甘酒を調べていくと日本の神々の名前や伝承、甘酒にまつわる地や祭事と非常に関連深いことに気が付きました。甘酒は伊勢神宮での神事に用いられる4種の御神酒である白酒、黒酒、醴酒(甘酒)、清酒に名を連ね、今でも用いられており、酒の代わりに甘酒を神への献上に用いる、甘酒を用いた祭りなどが各地に存在し、日本の神々とは切っても切れない関係にあることがわかりました。
基本構成は『古事記の世界観』と『日本の神々の系図と伝承』としております。
日本の神々の系図と伝承は、男神は青文字、女神は赤文字で記し、重要な神や出来事は段落分けして読み易くまとめてあります。
今後、甘酒を探求していく中で出会う、神々、神社、神事、祭り、そして所縁の地の話を結び付けていくと面白いだろうと考え、日本の神々の系譜をまとめた古事記を簡潔にまとめた記事を作ろうと考えました。そこで『古事記』の基本書を基に、酒と神社に関連する論文から簡単にまとめてみました。

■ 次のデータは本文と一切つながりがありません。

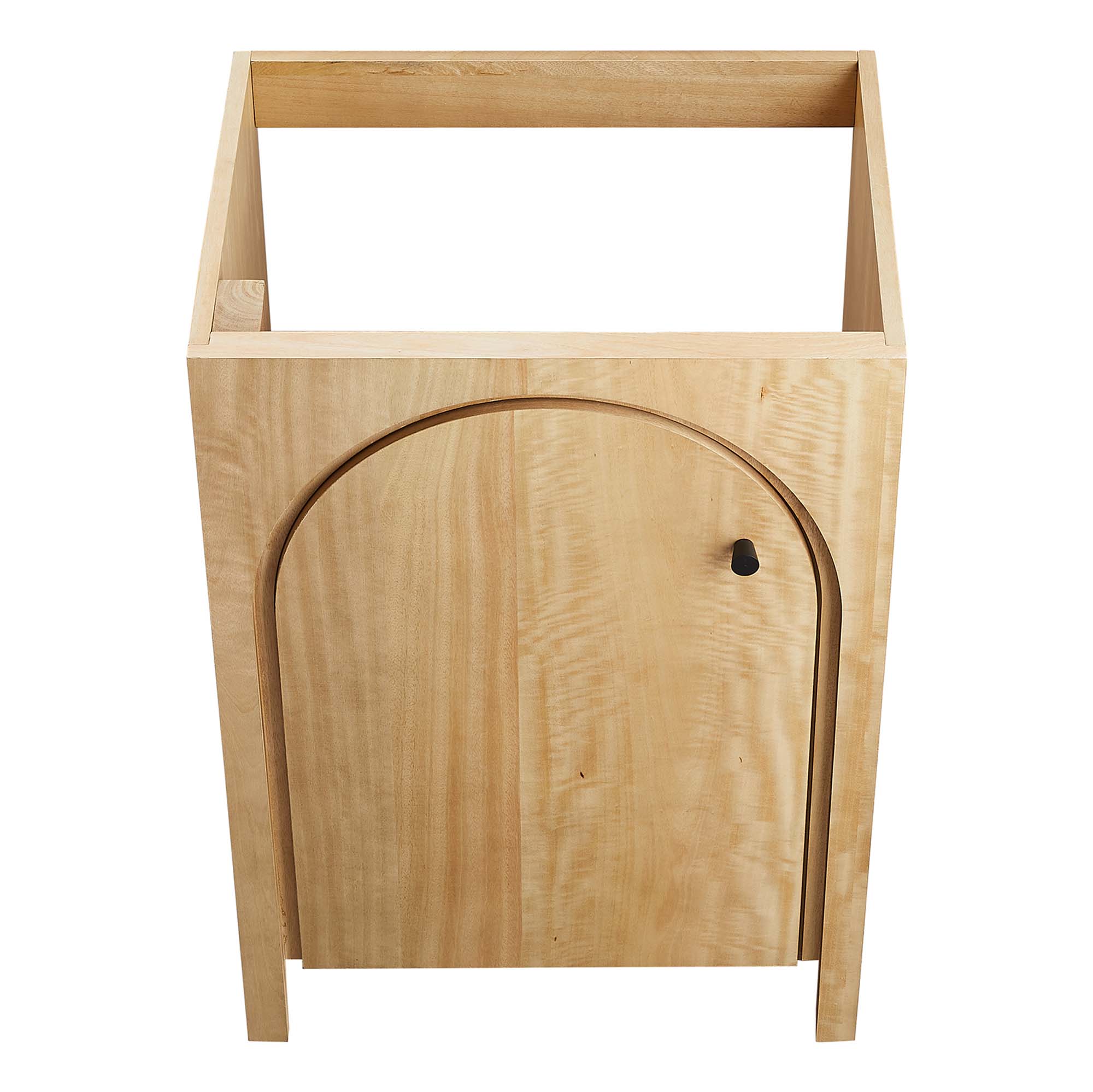 EEI-6539-OAK_6_.jpg Appia 24" Bathroom Vanity Cabinet (Sink Basin Not Included) - Image 9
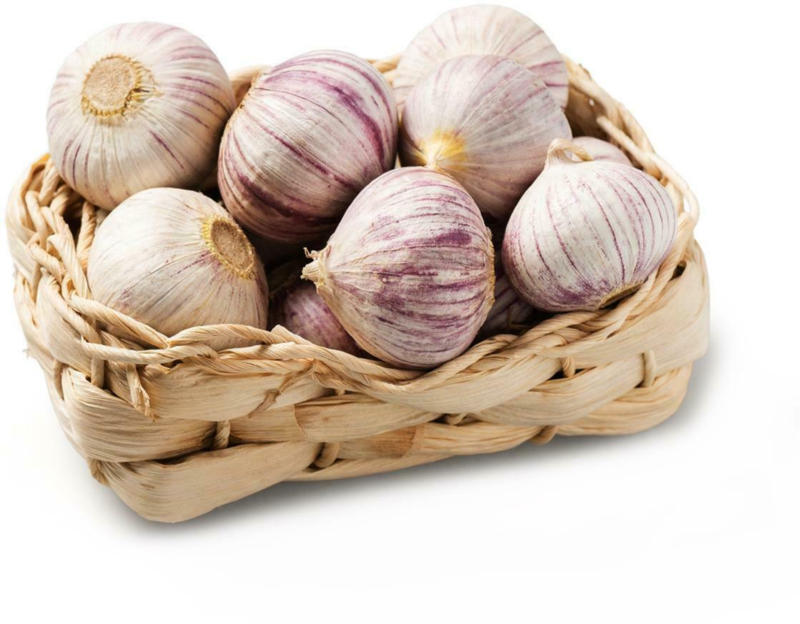 Knollenknoblauch aus China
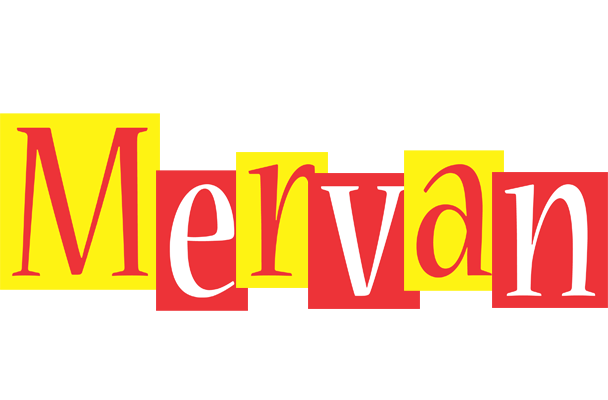 Mervan errors logo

私自身、理系出の人間ではありますが、日本の神々の話は結構好きで、神社に行く際は、主祭神と伝承をチェックするようにしていたので、非常に楽しく記事が書け、簡単ではありますが、相互関係も理解できるようになりました。甘酒好きの、または日本の神事に興味がある方も読んでいて楽しい様なサイトになれるように今後は加筆修正をしていこうと思っております。
Contents
古事記の世界観
・高天の原(天界)、葦原の中つ国(この世)、黄泉の国(あの世)
・高天の原の神々(天津神)と葦原の中つ国の神々(国津神)
・神々と天皇家の繋がりを記した伝記
・初代天皇である神武天皇と大和朝廷の話
・ヤマトタケルノミコトの話
日本の神々の系図と伝承
別天つ神:混沌とした世界が天と地に分かれた時に高天の原に現れた姿なき神(5神)
◆造化三神(アメノミナカヌシ、タカミムスヒ、カムムスヒ)
※タカミムスヒ(原始の神:高天の原の最高神)→オモイカネ、ヨロズハタトヨアキツヒメ(+アメノオシホミミ→ニニギ:天皇家直系の神様)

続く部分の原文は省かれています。